Bevor es losgeht, gibt es für das neugierige Publikum einen kleinen Unterricht in Sachen rhythmischer Phasenverschiebung, die in Rechs Musik vorkommt. Als Lehrstück dient sein Stück Clapping Music für zwei Spieler, im vorliegenden Fall für zwei Gruppen. Als erste Gruppe ist das Publikum dran, indem es den Grundrhythmus im Zwölfachteltakt klatscht. Da es nicht sofort hundertprozentig klappt, hilft Dirigent Michael Cook mit einer Eselsbrücke: „Wup-pert-tal/Pause/Bar-men/Pause/El-/Pause/ber-feld/Pause“. Jetzt, als man sich in diesem korrekten Rhythmus die beiden Wuppertaler Stadtteile vergegenwärtigt, funktioniert es schnell – geschafft. Eifrig wird geklatscht. Nun gesellen sich Schlagzeugschüler der Bergischen Musikschule als zweite Gruppe mit dem gleichen Muster hinzu, das sie aber nach und nach um eine Achtel verschieben. Andauernd ändern sich so Schwerpunkte. Erst nach 144 Takten klatschen beiden Gruppen wieder im Unisono.

Foto © Uwe Stratmann

Nach diesem kleinen Rhythmuskurs wird es dunkel. In den vier Ecken befinden sich Monitore, auf denen die deutsche Übersetzung des englischen Librettos eingeblendet wird. An der Front hin zum Auditorium befindet sich das Orchesterpodium, auf dem Musiker des Sinfonieorchesters Wuppertal sitzen. Darüber gibt es vor dem heruntergelassenen Vorhang, der sich im Schlussteil hebt, ab dem zweiten Akt eine große Leinwand. Schon im ersten Akt befindet sich eine weitere gegenüber an der Rückwand. Ansonsten stört kein Bühnenbild und keine Requisite die Vorstellung. Und das ist gut so. Denn den Augen soll es einzig um das gehen, was projiziert wird.
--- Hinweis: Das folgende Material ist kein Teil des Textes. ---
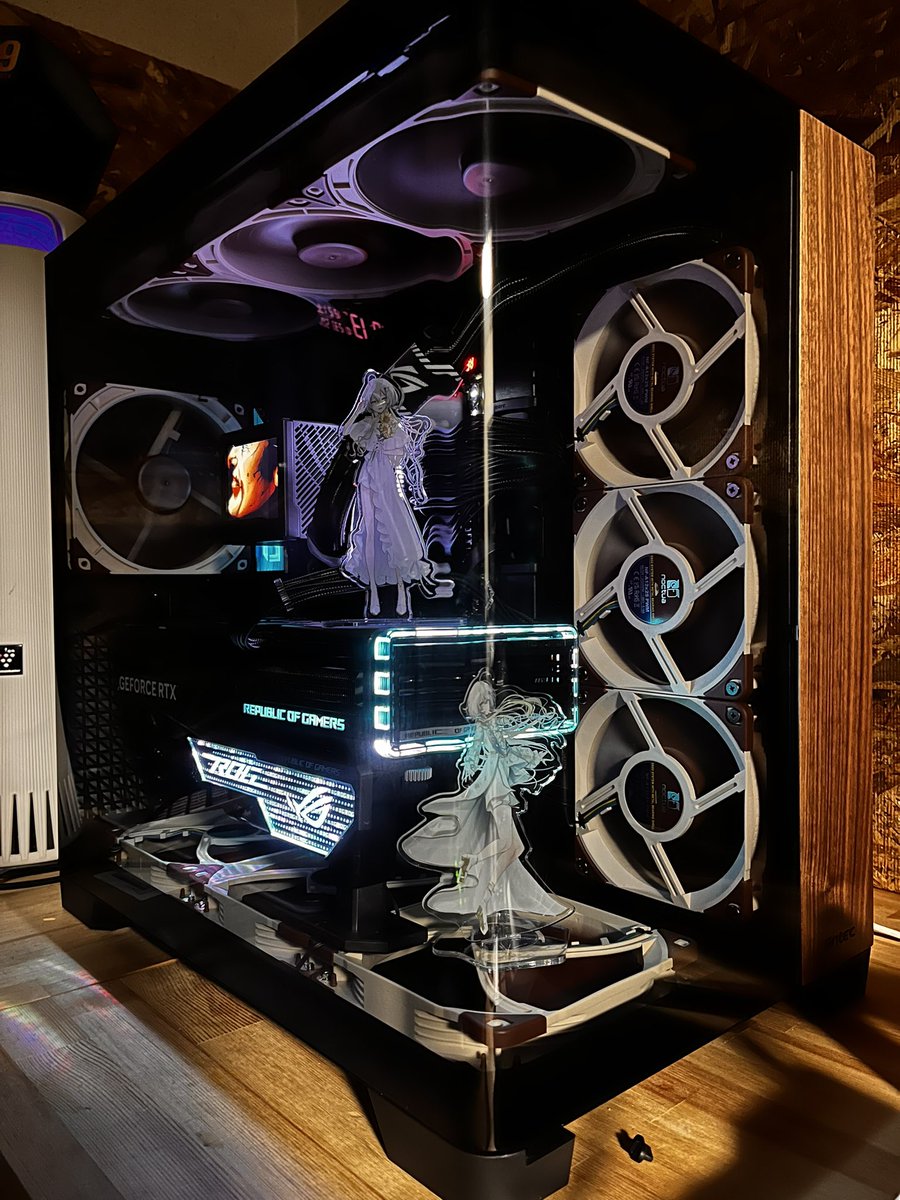 M0s40's tweet photo. CPU:AMD  #9800X3D
GPU: #ROG STRIXGAMING 4070TiSUPER
MB:ROG CROSSHAIR X870E
SSD①•②: #WD SN850X 1TB&amp;2TB
MEM: #CORSAIR DOMINATOR PLATINUM DDR5 6000MHz 32GB×2
ｹｰｽ: #ANTEC C8curvewood
ｸｰﾗｰ:ROG RYUJIN Ⅲ 360
PSU:ROG STRIX1200wPLATINUM
FAN:120×6 140×7
#ASUS
#noctua
#無々ひさぎ https://t.co/l6XrBc9xIL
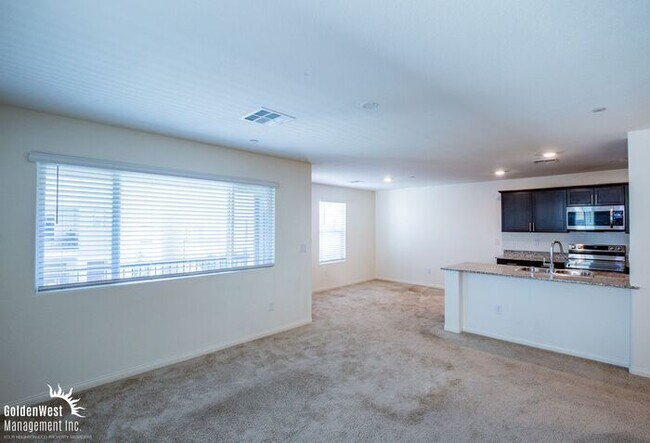 Photo - Cozy 2Bdm 2Ba Townhome with Community Pool...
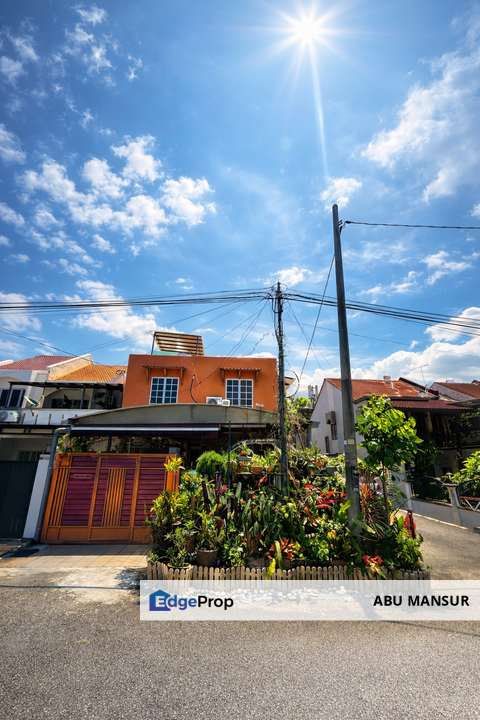End Lot 2 Storey Terrace Renovated  Extended  SS19, Selangor, Subang Jaya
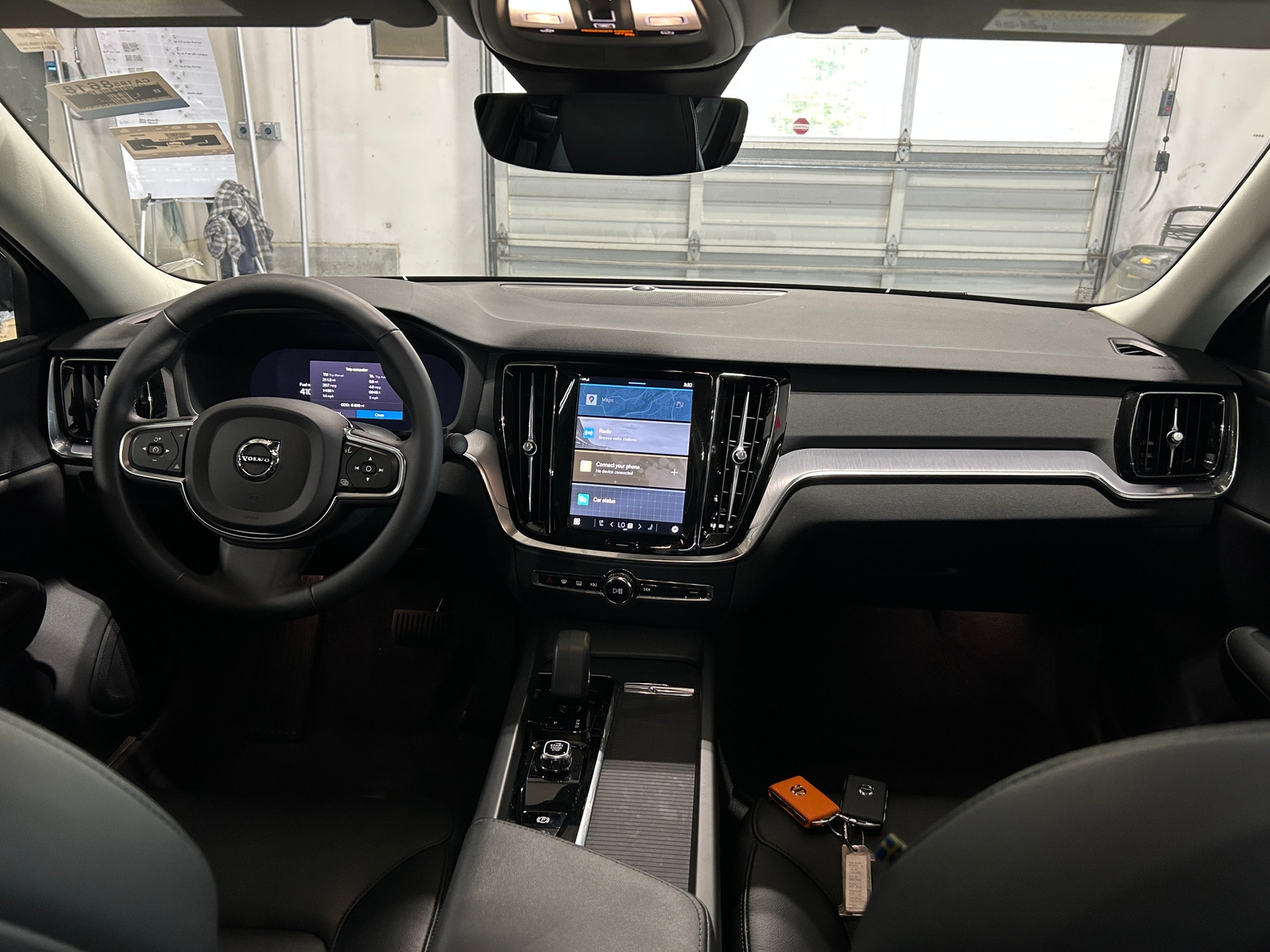 Thumbnail: 2025 Volvo S60 - 2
Bei Three Tales geht es anhand von drei Beispielen um die Reflektion über die technologische Entwicklung der letzten 100 Jahre, auf die die Menschheit frei nach dem Motto „schneller, höher, weiter“ richtig stolz war und eventuell noch ist. Zur Zeit des so genannten Dritten Reichs war der Zeppelin Hindenburg neben seinem Schwesterschiff das größte jemals gebaute Luftfahrzeug. Rund ein Jahr nach seinem Jungfernflug endete die Landung in Lakehurst in einer Katastrophe, bei der 35 Menschen ums Leben kamen. Diese Zerstörung und das große Leid werden schonungslos unter anderem anhand von originalem Bildmaterial an die Wand geworfen. Dann, nach dem Zweiten Weltkrieg, wurden die Einwohner des Bikini-Atolls im Pazifischen Ozean rücksichtslos umgesiedelt. Der Grund: Für die USA war der Ort der optimale Platz, um en masse Atomwaffen zu testen. Fazit: Seitdem sind die Inseln unbewohnt. Collageartig werden die menschlichen Schicksale der einstigen Bewohner, die Flüge der Bomber über dem Gebiet und die an den Versuchen sich wichtig benehmenden Personen meist in Uniform so beklemmend realistisch vor Augen geführt, als würden die Maßnahmen live gesendet. Hinzu kommt der ständig gegen Null gehende Countdown, der laut tickt. Und Dolly, das geklonte Schaf, ist ja so niedlich. Den dafür verantwortlichen Wissenschaftlern schwillt vor Stolz die Brust, so eine bis dahin undenkbare Kopie von Leben realisiert zu haben. Einhergehend damit werden jedoch nicht wie zuvor Szenarien ähnlich Weltuntergängen vermittelt. Es kommen in Form von Statements und Interviews international angesehene Wissenschaftler mit ihren unterschiedlichen Meinungen zu Wort. Einerseits wird die Forschung am technologischen Fortschritt plus absoluter Bejahung der künstlichen Intelligenz befürwortet. Andererseits werden Zweifel daran laut und digitale Entwicklung dahingehend hinterfragt, ob nicht der Mensch irgendwann dadurch ins Hintertreffen kommt. Außerdem sind wie eine Mahnung, ein roter Faden während des gesamten Verlaufs die Schöpfungsgeschichten präsent, in denen unter anderem der Mensch von Gott in den Garten Eden gesetzt wurde, um diesen zu bebauen und zu behüten.

Foto © Uwe Stratmann

Mittels der perfekten Klangregie von Thomas Dickmeis werden synchron zu dem visuellen Geschehen Klänge aus im Raum verteilten Lautsprechern zugespielt. Unter dem präzisen und umsichtigen Dirigat von Cook mischen sie sich mustergültig mit den Rhythmen der vier Perkussionisten, den hochdramatischen Tönen des Streichquartetts und der beiden Pianisten. Auch die fünf Sänger mit ihren hoch anspruchsvollen, den Ablauf kommentierenden Partien – die Sopranistinnen Nina Koufochristou und Mirjana-Kremshovski sowie die Tenöre Mark Bowman-Hester, Dustin Smailes und Christian Sturm – lassen an Akkuratesse und Beweglichkeit ihrer Stimmen keine Wünsche offen. Musik, Klänge, Gesänge, gesprochene Worte kommen aus allen Ecken der Bühne. Man sitzt mitten drin, wird Teil vom Ganzen. Bewegliche Bilder, die vortrefflich komplex-minimalistisch-dramatische Musik und Sprache gehen eine vortreffliche Symbiose ein.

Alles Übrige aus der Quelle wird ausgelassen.